» What to work on: Repeat nothing but the line that contains "Art Deco silver" and the lines after it, through the end of the listing, exactly as they stand; omit pictures.

═══ Material provided ═══

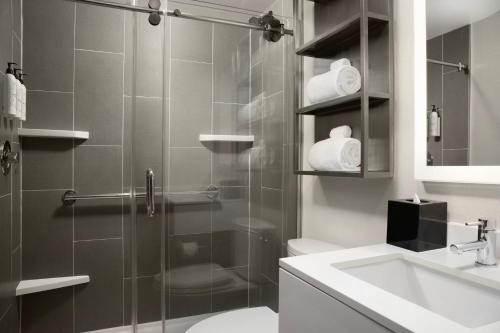 a bathroom with a shower and a toilet and a sink at TownePlace Suites by Marriott New York Manhattan/Times Square in New York
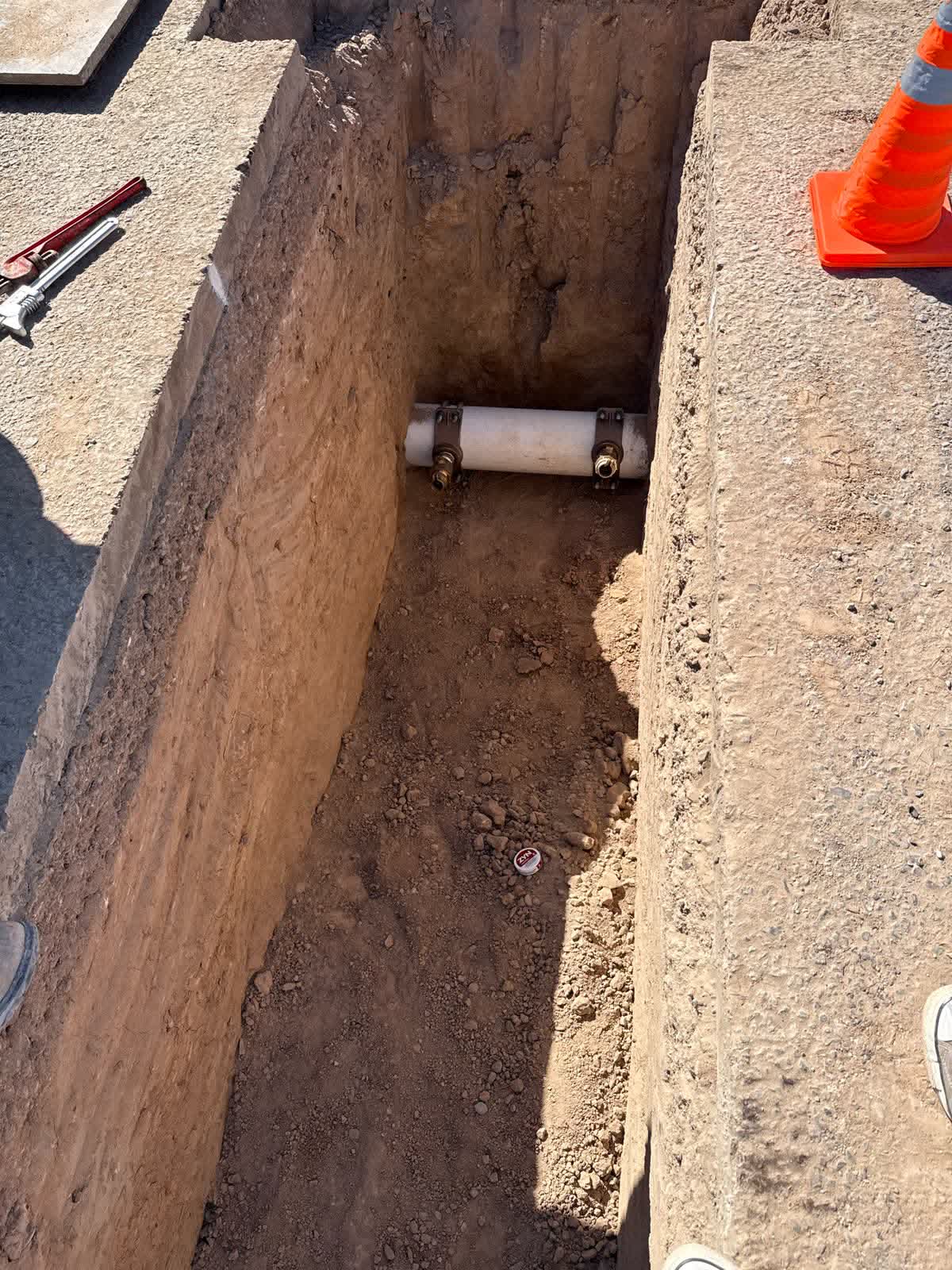 PVC saddle taps on a water service line with wrenches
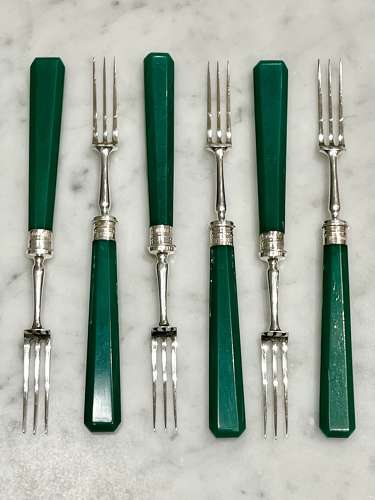 Art Deco silver dessert forks with emerald green handles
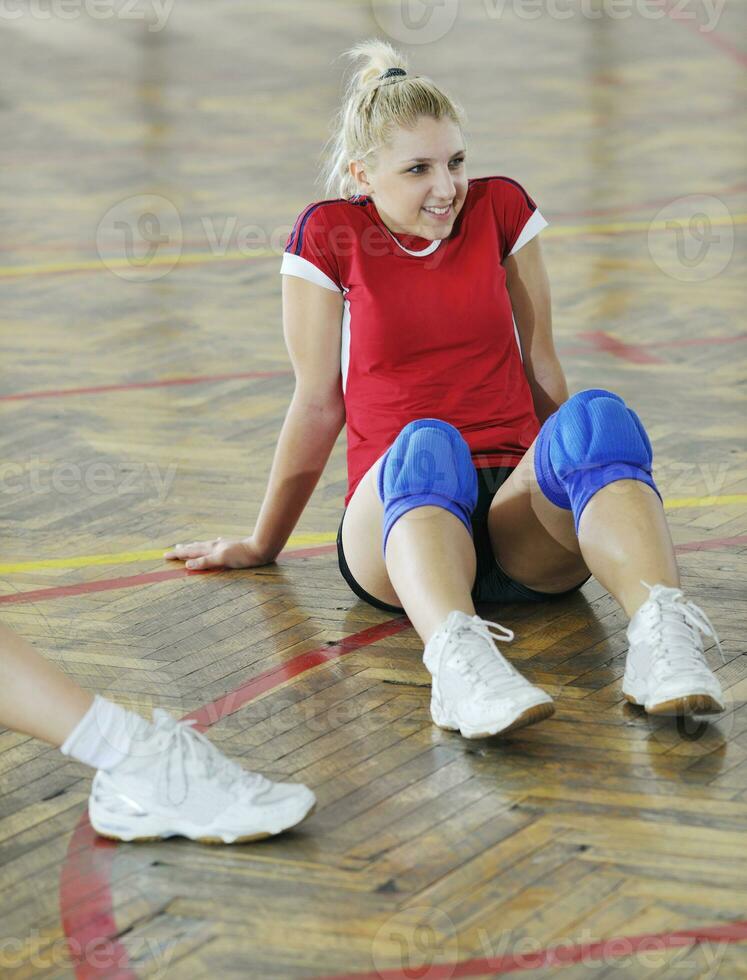 girls playing volleyball indoor game photo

═══

» Response below:
 Art Deco silver dessert forks with emerald green handles
 girls playing volleyball indoor game photo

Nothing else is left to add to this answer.